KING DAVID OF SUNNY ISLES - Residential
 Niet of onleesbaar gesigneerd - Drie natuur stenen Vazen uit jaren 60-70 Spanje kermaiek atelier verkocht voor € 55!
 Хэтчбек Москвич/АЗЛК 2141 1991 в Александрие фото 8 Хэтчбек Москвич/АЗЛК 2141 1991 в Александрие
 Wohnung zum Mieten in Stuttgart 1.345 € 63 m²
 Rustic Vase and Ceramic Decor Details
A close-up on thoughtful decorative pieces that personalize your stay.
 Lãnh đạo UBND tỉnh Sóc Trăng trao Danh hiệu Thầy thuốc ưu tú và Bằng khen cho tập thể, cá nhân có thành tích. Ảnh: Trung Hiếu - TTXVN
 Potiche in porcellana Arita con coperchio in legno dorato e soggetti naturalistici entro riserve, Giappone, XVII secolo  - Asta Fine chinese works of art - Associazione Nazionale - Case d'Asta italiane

* _WHAT THE EXERCISE ASKS_
Set down every entry again, exactly as written.

* _SOLUTION_
KING DAVID OF SUNNY ISLES - Residential
 Niet of onleesbaar gesigneerd - Drie natuur stenen Vazen uit jaren 60-70 Spanje kermaiek atelier verkocht voor € 55!
 Хэтчбек Москвич/АЗЛК 2141 1991 в Александрие фото 8 Хэтчбек Москвич/АЗЛК 2141 1991 в Александрие
 Wohnung zum Mieten in Stuttgart 1.345 € 63 m²
 Rustic Vase and Ceramic Decor Details
A close-up on thoughtful decorative pieces that personalize your stay.
 Lãnh đạo UBND tỉnh Sóc Trăng trao Danh hiệu Thầy thuốc ưu tú và Bằng khen cho tập thể, cá nhân có thành tích. Ảnh: Trung Hiếu - TTXVN
 Potiche in porcellana Arita con coperchio in legno dorato e soggetti naturalistici entro riserve, Giappone, XVII secolo  - Asta Fine chinese works of art - Associazione Nazionale - Case d'Asta italiane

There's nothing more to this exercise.